Ian Anderson, a correspondent for Paste magazine, insists that San Diego, not Portland, is America’s craft beer capital. To make his case, he’s assembled a comprehensive guide to his city’s flourishing beer culture.
Anderson’s article leads off with the top breweries (San Diego has 75, so one has to draw the line somewhere), and segues from there into the brewpubs, beer bars, and bottle shops worth a visit. If your travel plans include “America’s Finest City,” consider this required reading.
On this day in 1908, the Japanese food company Ajinomoto—“The Essence of Taste”–was founded. Ajinmoto’s founder, chemist Kikunae Ikeda, discovered that a key ingredient in kombu soup stock was monosodium glutamate, for which he was given the patent.
And now….The Mash!
We begin in Marshall, Michigan, where microbrewery owner Aaron Morse and his family have landed a reality-show gig.

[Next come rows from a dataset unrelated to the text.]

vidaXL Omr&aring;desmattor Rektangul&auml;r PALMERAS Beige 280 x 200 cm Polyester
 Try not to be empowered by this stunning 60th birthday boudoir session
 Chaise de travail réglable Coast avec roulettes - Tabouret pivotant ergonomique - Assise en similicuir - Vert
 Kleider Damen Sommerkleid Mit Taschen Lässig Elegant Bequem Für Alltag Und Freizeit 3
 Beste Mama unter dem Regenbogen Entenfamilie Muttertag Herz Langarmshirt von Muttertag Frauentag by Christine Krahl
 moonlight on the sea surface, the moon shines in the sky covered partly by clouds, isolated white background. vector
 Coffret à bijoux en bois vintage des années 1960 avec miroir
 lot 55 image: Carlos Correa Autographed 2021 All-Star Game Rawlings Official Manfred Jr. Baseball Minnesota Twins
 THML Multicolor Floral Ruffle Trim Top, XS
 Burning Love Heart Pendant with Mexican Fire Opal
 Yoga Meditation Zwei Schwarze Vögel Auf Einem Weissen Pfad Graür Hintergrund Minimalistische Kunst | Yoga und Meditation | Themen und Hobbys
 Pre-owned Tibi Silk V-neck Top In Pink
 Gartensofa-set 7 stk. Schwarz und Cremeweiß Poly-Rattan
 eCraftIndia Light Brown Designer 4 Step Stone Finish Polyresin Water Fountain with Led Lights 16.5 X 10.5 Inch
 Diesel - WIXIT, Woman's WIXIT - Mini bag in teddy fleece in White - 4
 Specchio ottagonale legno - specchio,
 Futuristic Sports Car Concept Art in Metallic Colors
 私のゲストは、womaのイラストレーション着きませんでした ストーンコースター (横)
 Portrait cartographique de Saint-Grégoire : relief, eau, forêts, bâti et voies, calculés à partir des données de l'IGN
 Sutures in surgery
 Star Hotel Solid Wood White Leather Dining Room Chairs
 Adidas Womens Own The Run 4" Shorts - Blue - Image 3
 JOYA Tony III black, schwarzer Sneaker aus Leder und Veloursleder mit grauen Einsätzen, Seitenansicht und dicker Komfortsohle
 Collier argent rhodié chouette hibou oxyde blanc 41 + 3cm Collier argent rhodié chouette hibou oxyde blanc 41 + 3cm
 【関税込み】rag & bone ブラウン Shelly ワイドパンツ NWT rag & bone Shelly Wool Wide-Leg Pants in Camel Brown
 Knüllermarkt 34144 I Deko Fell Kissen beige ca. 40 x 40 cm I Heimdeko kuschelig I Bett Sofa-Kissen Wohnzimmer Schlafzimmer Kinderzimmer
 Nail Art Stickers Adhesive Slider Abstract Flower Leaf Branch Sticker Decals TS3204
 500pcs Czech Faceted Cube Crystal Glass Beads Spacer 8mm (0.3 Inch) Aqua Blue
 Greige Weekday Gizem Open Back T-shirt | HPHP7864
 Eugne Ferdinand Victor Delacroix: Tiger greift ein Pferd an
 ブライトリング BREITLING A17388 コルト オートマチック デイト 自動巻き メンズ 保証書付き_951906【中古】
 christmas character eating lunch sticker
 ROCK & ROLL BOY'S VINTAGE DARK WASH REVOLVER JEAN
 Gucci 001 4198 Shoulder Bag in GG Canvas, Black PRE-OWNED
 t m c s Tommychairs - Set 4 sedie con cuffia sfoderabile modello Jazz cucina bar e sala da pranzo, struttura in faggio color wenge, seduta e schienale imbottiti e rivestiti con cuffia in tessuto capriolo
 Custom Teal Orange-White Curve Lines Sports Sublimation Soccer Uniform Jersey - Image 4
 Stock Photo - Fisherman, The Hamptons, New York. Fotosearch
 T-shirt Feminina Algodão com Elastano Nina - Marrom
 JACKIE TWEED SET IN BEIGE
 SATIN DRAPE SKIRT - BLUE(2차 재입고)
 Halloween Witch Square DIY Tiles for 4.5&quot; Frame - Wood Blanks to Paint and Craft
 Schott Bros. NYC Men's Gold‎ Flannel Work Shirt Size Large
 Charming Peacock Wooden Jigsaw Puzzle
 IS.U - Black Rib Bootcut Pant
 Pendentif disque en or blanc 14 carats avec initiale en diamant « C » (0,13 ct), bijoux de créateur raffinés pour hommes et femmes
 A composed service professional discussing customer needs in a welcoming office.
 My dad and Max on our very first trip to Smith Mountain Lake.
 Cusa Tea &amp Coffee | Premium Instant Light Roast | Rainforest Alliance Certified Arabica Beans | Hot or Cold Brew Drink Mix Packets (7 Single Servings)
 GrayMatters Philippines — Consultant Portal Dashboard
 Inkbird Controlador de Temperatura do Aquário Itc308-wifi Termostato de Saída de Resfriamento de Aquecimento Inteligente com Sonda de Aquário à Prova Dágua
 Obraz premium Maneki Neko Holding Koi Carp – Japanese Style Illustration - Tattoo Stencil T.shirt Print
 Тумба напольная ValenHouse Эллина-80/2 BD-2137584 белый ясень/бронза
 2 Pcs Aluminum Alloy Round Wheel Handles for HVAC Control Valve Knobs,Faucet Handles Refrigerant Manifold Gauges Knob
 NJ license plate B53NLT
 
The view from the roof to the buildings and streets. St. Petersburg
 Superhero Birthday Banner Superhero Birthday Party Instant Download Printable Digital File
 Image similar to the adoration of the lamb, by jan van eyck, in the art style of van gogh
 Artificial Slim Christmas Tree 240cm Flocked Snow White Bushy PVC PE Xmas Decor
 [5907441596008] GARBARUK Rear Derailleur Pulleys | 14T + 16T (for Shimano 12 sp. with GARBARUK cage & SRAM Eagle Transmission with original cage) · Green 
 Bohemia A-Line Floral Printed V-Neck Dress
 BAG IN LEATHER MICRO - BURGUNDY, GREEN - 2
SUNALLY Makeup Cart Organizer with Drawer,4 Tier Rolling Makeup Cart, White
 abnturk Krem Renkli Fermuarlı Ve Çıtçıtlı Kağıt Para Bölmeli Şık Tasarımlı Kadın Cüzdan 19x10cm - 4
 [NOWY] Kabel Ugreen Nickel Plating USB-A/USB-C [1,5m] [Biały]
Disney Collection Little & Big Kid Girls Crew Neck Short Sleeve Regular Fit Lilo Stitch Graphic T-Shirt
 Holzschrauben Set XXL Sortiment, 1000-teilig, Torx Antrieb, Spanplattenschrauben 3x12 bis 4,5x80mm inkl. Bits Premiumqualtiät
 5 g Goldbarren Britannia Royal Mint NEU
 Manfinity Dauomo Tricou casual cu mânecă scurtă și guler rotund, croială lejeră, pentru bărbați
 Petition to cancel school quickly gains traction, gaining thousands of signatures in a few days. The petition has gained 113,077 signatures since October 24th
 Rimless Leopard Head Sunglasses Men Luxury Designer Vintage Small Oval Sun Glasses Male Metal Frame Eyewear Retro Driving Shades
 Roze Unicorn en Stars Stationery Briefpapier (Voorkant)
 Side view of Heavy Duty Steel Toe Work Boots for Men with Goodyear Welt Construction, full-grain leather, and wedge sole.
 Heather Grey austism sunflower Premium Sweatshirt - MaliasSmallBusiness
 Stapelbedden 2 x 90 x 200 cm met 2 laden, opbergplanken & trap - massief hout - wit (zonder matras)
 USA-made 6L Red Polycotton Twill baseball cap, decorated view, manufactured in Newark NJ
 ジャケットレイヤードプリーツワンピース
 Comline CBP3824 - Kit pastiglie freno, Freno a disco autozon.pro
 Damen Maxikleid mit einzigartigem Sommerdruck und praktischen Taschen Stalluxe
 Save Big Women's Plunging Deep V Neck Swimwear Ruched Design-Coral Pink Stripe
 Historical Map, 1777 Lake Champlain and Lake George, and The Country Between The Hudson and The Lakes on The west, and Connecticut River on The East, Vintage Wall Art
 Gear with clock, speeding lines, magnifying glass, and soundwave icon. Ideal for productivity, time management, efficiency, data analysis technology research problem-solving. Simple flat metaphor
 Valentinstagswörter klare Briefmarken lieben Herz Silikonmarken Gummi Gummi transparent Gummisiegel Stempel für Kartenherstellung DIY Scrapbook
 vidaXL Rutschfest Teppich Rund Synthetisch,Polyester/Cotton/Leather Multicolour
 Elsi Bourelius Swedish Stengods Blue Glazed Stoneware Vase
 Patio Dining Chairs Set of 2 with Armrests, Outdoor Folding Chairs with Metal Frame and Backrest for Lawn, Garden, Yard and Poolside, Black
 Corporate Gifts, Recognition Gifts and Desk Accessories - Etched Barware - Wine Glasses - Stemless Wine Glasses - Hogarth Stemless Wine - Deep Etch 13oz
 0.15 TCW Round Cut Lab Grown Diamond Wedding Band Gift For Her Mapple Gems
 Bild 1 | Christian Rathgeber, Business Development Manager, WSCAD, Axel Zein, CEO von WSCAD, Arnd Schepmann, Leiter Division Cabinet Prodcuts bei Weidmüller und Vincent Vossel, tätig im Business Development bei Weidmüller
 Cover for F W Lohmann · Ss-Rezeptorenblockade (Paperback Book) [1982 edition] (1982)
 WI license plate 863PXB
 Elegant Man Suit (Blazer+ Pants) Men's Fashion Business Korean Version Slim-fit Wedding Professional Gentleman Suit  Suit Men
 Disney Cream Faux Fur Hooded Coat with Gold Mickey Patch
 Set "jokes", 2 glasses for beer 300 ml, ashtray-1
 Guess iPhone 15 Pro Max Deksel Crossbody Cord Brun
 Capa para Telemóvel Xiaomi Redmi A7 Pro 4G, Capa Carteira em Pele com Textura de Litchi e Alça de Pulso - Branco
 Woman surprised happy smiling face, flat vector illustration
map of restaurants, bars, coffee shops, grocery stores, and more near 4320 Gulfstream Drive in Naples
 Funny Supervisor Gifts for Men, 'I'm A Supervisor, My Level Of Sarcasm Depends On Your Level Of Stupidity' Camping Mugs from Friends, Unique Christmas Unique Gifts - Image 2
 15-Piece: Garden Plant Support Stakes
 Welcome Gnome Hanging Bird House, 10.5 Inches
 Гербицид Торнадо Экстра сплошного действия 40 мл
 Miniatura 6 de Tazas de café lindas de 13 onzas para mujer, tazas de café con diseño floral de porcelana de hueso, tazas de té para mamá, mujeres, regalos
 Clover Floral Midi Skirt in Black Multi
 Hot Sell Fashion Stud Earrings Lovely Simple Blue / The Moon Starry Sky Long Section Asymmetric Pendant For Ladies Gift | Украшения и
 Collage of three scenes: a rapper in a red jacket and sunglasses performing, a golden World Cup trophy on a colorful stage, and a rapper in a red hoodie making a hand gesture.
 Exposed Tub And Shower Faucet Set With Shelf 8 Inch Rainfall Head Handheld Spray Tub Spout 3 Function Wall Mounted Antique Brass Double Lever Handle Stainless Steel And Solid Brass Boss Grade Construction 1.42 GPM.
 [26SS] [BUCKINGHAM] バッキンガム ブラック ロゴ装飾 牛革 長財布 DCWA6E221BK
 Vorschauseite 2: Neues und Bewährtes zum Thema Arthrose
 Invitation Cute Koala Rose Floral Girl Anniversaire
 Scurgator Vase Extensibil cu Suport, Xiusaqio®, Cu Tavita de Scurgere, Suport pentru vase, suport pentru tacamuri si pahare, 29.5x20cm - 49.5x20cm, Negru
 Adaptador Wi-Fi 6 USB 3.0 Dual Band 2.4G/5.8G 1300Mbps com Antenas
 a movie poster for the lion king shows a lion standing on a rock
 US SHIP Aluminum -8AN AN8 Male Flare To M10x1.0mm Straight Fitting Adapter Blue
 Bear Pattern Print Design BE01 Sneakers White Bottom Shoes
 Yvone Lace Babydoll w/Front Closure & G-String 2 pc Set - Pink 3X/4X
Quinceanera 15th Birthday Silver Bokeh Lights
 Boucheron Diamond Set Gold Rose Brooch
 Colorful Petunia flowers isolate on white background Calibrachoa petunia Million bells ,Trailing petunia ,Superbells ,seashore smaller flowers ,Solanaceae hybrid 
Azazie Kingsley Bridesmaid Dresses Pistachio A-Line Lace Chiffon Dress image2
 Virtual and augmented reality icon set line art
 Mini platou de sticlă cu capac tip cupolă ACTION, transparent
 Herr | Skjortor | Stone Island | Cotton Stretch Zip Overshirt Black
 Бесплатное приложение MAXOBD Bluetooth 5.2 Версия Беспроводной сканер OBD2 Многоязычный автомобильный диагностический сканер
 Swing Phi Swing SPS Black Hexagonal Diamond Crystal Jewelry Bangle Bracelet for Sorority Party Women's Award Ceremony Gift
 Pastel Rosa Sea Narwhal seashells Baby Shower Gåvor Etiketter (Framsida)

They’ll appear on The History Channel’s “Dark Horse Nation.”
Tin Man Brewing of Terre Haute has released Klingon Warnog. This officially-licensed beer follows the Prime Directive: “to unite both Star Trek and Craft Beer fans.”
Dogfish Head Artisan Ales is the most famous brewery in the Delmarva Peninsula, but it now has plenty of company, and that’s good news for local beer drinkers.
A new California law will allow students younger than 21 to sample alcohol as part of their beer and wine studies. Oregon and Washington have passed similar laws.
The Jurassic Park of beer? Probably not, but Jason Osborne of Paleo Quest and microbiologist Jasper Akerboom of the Lost Rhino Brewing Company are working with a 45-million-year-old yeast strain found in a fly entrapped in fossilized amber.
Philadelphians are upset at state legislators who want to close a loophole which allows pop-up beer gardens to operate without having to shell out six figures for a liquor license.
Finally, Bart Watson, the Brewers Association’s chief economist, says we’re not in a craft beer bubble. The nation’s 3,000 breweries is well below the saturation level; and besides, factors such as the variety and quality of local beer determine whether a market is saturated.